On the subway this morning, I couldn't help noticing the headline on the cover of the New York Daily News which read "PAGE SIX SHAKEDOWN." The story alleges that a New York Post columnist named Jared Paul Stern attempted to extort $225,000 from a billionaire named Ron Burkle in exchange for favorable, or at least fairly truthful coverage in the Post's well-read Page Six gossip column.

I'm interested in this story, because I think that the New York Post is an institution which is little more than a right-wing propaganda rag that caters to subliterates and encourages subliteracy. I'm also a big fan of the classic film, Sweet Smell of Success, which in my mind is the best film ever made about New York media and says more today than it did when it was released in 1957. If the Daily News story is even 10 percent true, it's plain that Sidney Falco's spirit is still walking Broadway.

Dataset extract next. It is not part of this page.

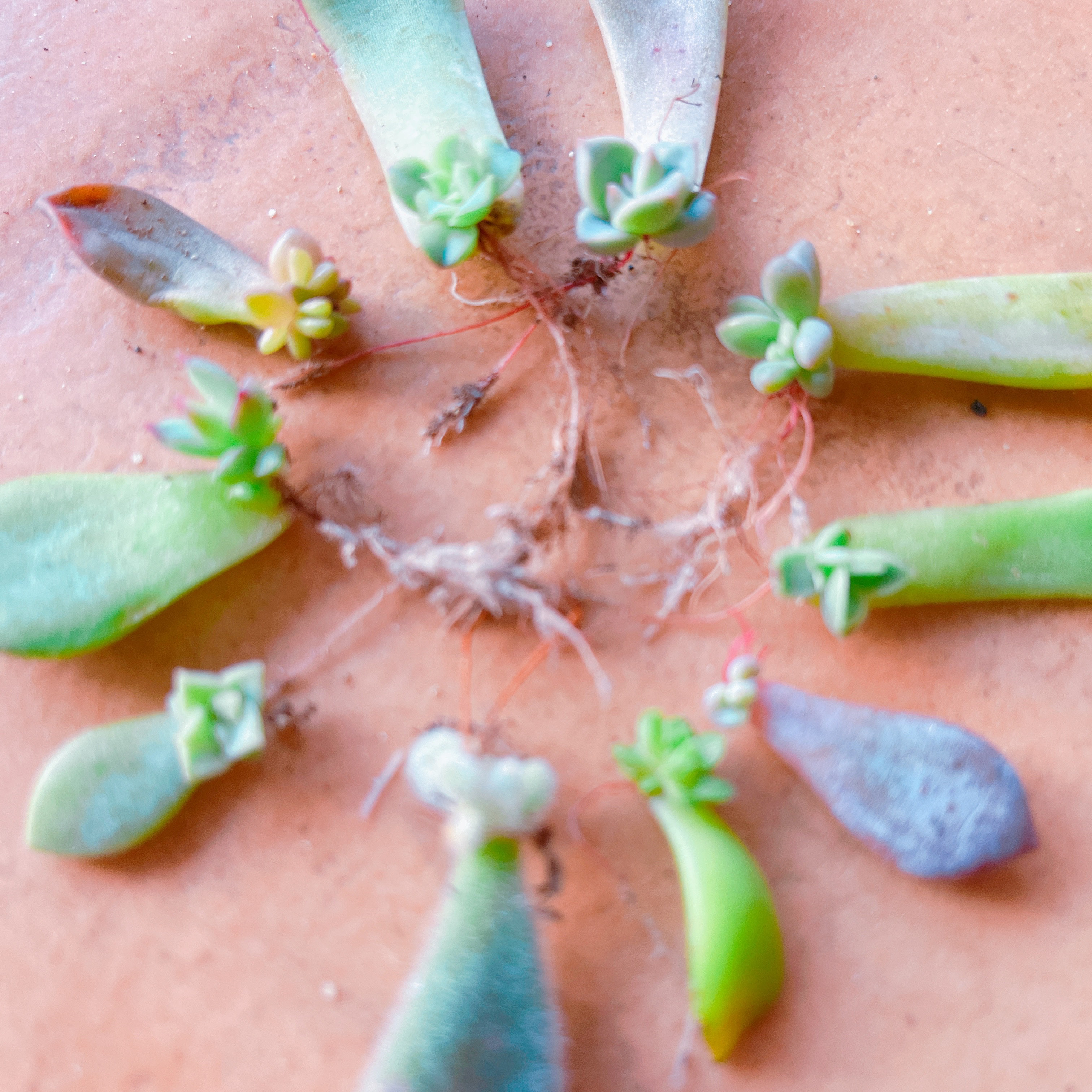 多肉植物 お任せ葉挿しセット 多肉植物 多肉植物専門店🌵TANIKU 通販 ...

But let's move on to my main point, which concerns the Web site maintained by the same Jared Paul Stern embroiled in the Page Six Scandal. His site, located at the URL, is a scandal in its own right: the last update to its main page was in May of 2005, its "News Room" page dates from November of that same year, and its "Guest List" page dates from late 2004. Mr. Stern's "About" page, in which the columnist has written a few almost unreadable commments that in the main demonstrate how highly he regards himself, also contains a stack of links to Stern's works, several of which are broken.

It's not particularly surprising that Mr. Stern's site is broken and bitrotten; after all, many "print" people only maintain presences on the Web grudgingly, viewing this medium with indifference or, in some cases, active contempt. In my view, if one does decide to launch a site, a Blog, a channel, or what have you, one bears responsibility for maintaining this presence, and if one cannot meet this responsibility, one should shut it down.

I cannot know what happened between Mr. Stern, Mr. Burkle, or the editors at the New York Post. But because the poor condition of Mr. Stern's site does not inspire confidence in his abilities to abide by the responsibilities of being a Web-based journalist, one cannot but wonder how seriously he took his job at The New York Post.

One thing's for sure: if J.J. Hunsecker came across a columnist with a Web site in such extreme disrepair, he'd tear him up into little pieces and spit his remains out under the 59th Street Bridge.

Of course, it's also true that Jared Paul Stern's Web site will probably get more traffic in the next few days than it did in all the time it's been on the Web. I wouldn't put it past him to install a bit of Google Adsense code to moneterize this traffic. In a week or two, it might be enough money to fund a legal defense fund.